3.  In the ruling of the recent court case in Utah, the judge reaffirmed what should by now be common sense: families with gay or lesbian parents pose no threat to families with opposite sex parents. The repeal of parts of DOMA highlighted the completely disengenuous and wholly unsubstantiated argument that proponents of anti-equality amendments and laws have been spewing. They said that my family harms them; finally, the courts are standing up and saying "prove it!" And, guess what, the defenders of these hateful laws have been unable to do it. These laws are totally about private religion, or private animous, invading the public sector. In the USA, we have strong laws that prevent us from passing other laws only to demonstrate hate or discrimination to one segment of society. The various laws or constitutional amendments that bar same sex couples from getting married do not protect "straight marriage" as they are purported to do. They only promulgate hate. 

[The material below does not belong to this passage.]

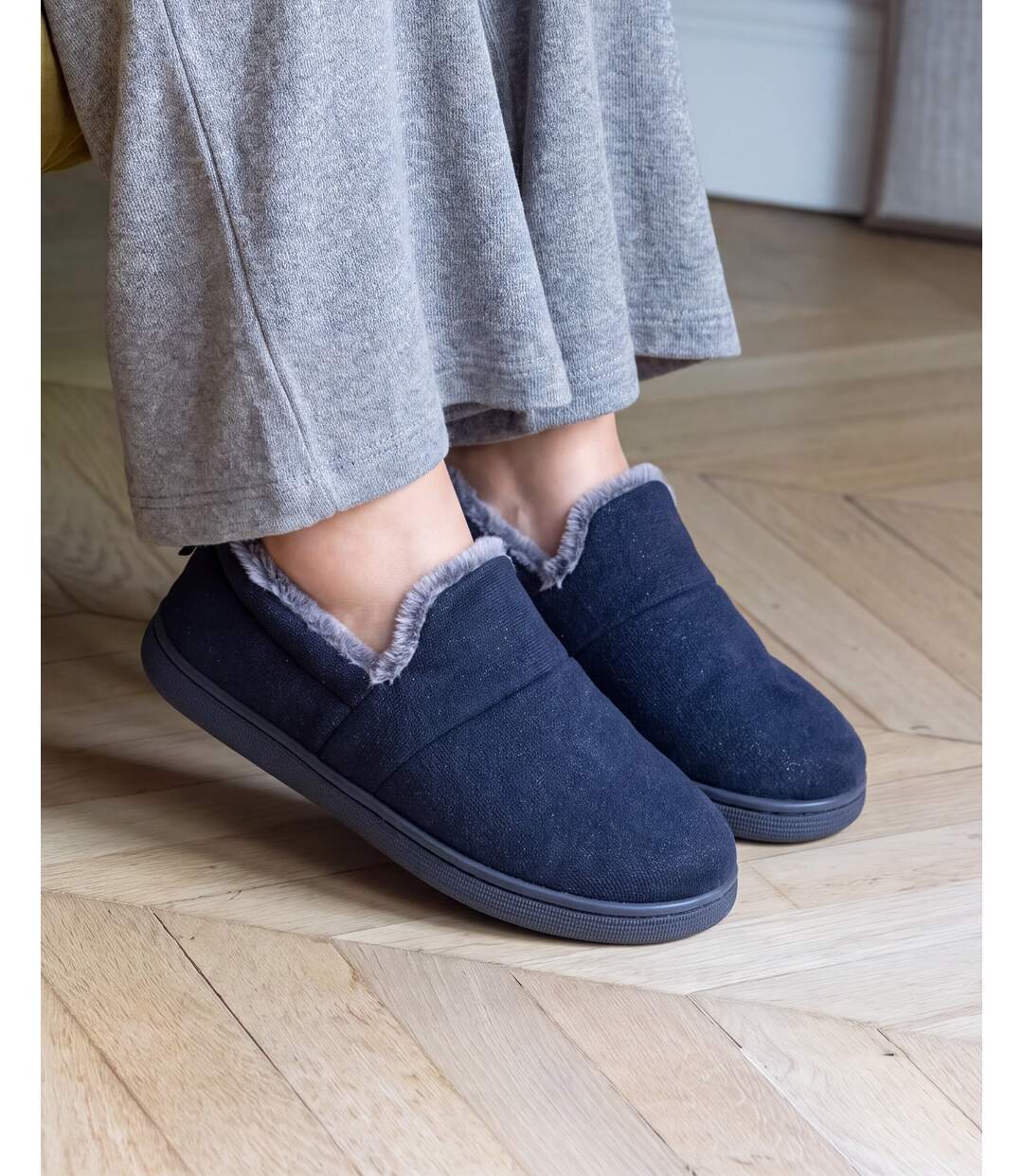 Isotoner Chaussons Mules femme suédine semelle bloup extra confort-2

4. If your religious convictions mandate that you don't get married to someone of the same sex, then you are free to put those principles into practice in your own life. I do not subscribe to any such religion and I would prefer if you keep your views to yourself and practice your religion respectfully and privately. Thankfully now, a majority of people in America are in support of marriage equality. Our laws in the US are slowly, but surely, catching up to this new reality. I'm thankful for these strides toward social justice as they have a real and practical impact on my family. One thing I learned from our recent job search is that the world-wide marriage equality movement is not about abstract ideas. It's about security and safety for families like mine in many states and countries. If we've finally reached the point as a society where we can say that blatant homophobia doesn't meet with our beliefs and values, then I say happy new year. 

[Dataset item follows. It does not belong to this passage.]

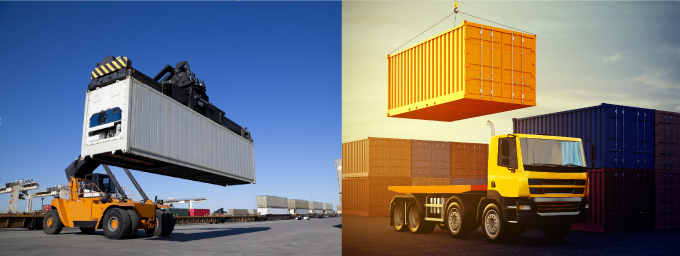 コンテナ輸送風景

In other news, we're back from Prague and all four have a pretty nast case of jet lag. Here's to an easy day of unpacking and movies!  


Friday, December 27, 2013

Prague: Day 6

We've been enjoying roaming around the various playgrounds and the markets right near our apartment. On day six, we got a little more adventurous and took a walk to the Prague Castle. The walk there was brisk as it was early in the morning. There weren't many pedestrians out on the street. Nyssa helped us find our way through the windy corridors once we crossed over the Vltava. The map, however, was not our friend, as it turned out that our chosen path included about 22 sets of stairs. We formed a team with Chad and Nyssa taking both strollers at the back and me picking both up at the front and we climbed the stairs one by one, much to the amusement of the people strolling leisurely down in the opposite direction. Once we reached the summit, we enjoyed some breathtaking views of the city covered in the mists of the morning air. It was truly refreshing to see actual fog that isn't laced in pollution... Ah, Delhi! I will not miss your sketchy air quality!

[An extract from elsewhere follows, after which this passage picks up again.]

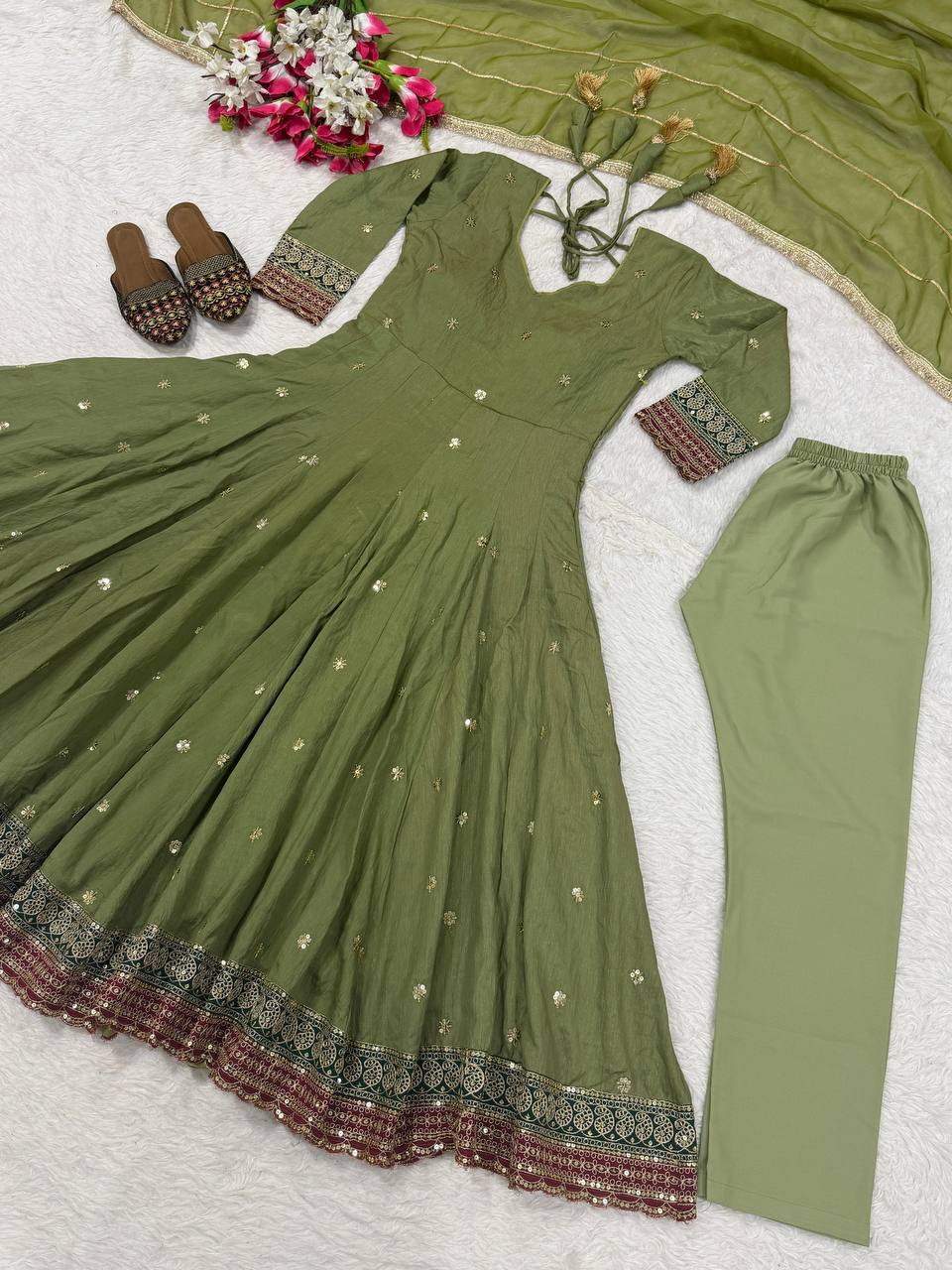 Wedding Wear Green Color Sequence Embroidered Anarkali Suit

After seeing a quick guard changing ceremony at the government buildings, our tour commenced. We visited the Old Palace, a 12th century Romanesque church that had been beautifully restored, and a quaint row of houses where smithies and bars from days gone by were preserved to give us a taste of what Prague must have been like long ago. Finally, we went to the Cathedral and marveled at the beautiful stained glass. The boys took it all in from the comfort of their strollers. We stopped a few times to let them stretch their legs and push their own strollers around. All in all, they were perfectly behaved little tourist-gentlemen. 

Until all hell broke loose. During the last few minutes of the last stop on our tour, Cedric decided he had had enough stroller time and wanted to be carried. Since we'd pushed our luck and had kept the boys out past their nap time, I carried him for as long as I could. But , at the end of the first mile on our two-mile walk back to our apartment, my arms had had enough, and--much to his dismay--I put him back in his stroller. Yikes! He screamed all the way back to our hotel while we quickly rushed down streets and through squares. I've never pushed a stroller so quickly in my life. 

Finally back at the apartment, we quickly got them changed and put down for a nap. They slept for three and a half hours. Poor little guys were tuckered out from a morning of strolling and sight seeing. 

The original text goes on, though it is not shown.